After Mass, settling in for a cup of coffee at his rectory back at Chiquiquirá, site of the Co-lombia Cathedral of the Virgin of Chiquiquirá, Gutiérrez said his dream is to build an enduring peace on the twin foundations of spiritual and economic renewal.

“The first need of our people is to be educated. People with guns and without education are dangerous,” the prelate said in English. Gutiérrez received his master of arts degree in journalism from Loyola Marymount in Los Angeles after graduating from Javeriana University, the prestigious Jesuit institution in Bogotá.

“Even before money and jobs, our people need a good education,” he said. “We have organized formal and informal education for the people of all ages. The people are poor. They need not only education, but health care and recreation facilities.

“With all the rich, fertile earth around here, they need to develop sound agricultural practices,” he said. “But I think the most important problem is to help the family unit survive, not only economically, but to cut down on the abuse of alcohol and other social problems.”

Gutiérrez, 65, is energetic and enthusiastic. He has been a priest since 1962. He served as the host chief of press when Pope John Paul II visited Colombia in 1986. From 1987 to 1998, Gutiérrez was assigned as titular bishop of Cali. He has been bishop of Chiquinquirá since 1998.

Children flock around him as he walks from a park near the Sacred Heart Cathedral to his home.

“These are my two wives,” he proudly announced in his garage. “The red one I’ve had since 1975,” he said of the mint-condition Volkswagen Beetle. “The parishioners presented it to me when I completed my studies at Loyola.

“The other one [a white, late-model Daihatsu sports utility vehicle] is more functional,” he said. Gutiérrez’ diocese encompasses the rugged mountain terrain of western Boyacá, one of the many insular frontiers scattered around this overwhelmingly Roman Catholic country.

“Our problem, because of the long years of the emerald wars, is poverty. The people spent their money as fast as they made it instead of saving it,” he said.

“We want to see this area develop as a tourist spot and as a source of income for our people and for emerald investors -- national and international,” Gutiérrez said.

“If we can make peace here in western Boyacá, why could not all Colombia learn from this and make peace?” he asked.

Liberation theology does not drive Gutiérrez, his priests or his flock. The incentive is more a pragmatic, basic struggling for social and economic justice with a tad of Catholic fundamentalism thrown in.

“I believe many of our people have the Blessed Virgin Mary of Chiquinquirá in their hearts,” Gutiérrez said. “We can make peace because we are Catholics.”
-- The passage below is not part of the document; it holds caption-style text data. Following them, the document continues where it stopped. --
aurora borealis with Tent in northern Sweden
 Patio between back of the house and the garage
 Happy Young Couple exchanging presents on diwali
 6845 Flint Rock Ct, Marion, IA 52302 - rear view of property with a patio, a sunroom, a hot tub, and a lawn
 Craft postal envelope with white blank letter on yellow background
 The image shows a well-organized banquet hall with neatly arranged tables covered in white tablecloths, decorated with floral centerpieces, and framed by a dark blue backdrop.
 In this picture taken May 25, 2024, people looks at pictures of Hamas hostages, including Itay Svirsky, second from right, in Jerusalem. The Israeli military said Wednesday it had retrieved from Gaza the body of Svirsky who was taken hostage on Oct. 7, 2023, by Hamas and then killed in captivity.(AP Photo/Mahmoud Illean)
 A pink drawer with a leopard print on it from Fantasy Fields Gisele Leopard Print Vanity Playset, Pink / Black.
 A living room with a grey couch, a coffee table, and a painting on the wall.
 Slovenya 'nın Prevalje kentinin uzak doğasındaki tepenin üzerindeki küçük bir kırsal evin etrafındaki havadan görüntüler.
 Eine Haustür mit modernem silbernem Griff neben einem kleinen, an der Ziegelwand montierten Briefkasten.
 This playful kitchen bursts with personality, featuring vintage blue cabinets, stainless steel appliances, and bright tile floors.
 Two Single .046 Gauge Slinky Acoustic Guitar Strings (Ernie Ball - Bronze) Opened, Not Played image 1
Peace and prosperity, Gutiérrez said, will only be maintained by money garnered from a successful and fair emerald trade. Money -- investment capital -- he said, is the catalyst necessary to drive the peace that is now planted and being nurtured in the grassroots of western Boyacá. In an attempt to spur economic progress, Gutiérrez has embarked on an ambitious proposal to form a trade and cultural pact with the Alabama Association of Regional Councils, an organization of local government councils in the U.S. state. “We are looking now for the money -- private and public -- so we can set up and execute this proposal, this alianza [alliance], which stands to benefit all the parties in both countries,” Gutiérrez said.

Gutiérrez relishes his assignment here. He travels around the rough mountains to check on his people and the 12 priests in the area, seeing each one every two weeks. “Peace is a reality here. We believe it and we can change for the better, day by day.”

Stephen Flanagan Jackson is associate professor of journalism at Stillman College in Tuscaloosa, Ala., and associate editor of The Latin American Post, the only English-language newspaper in Colombia.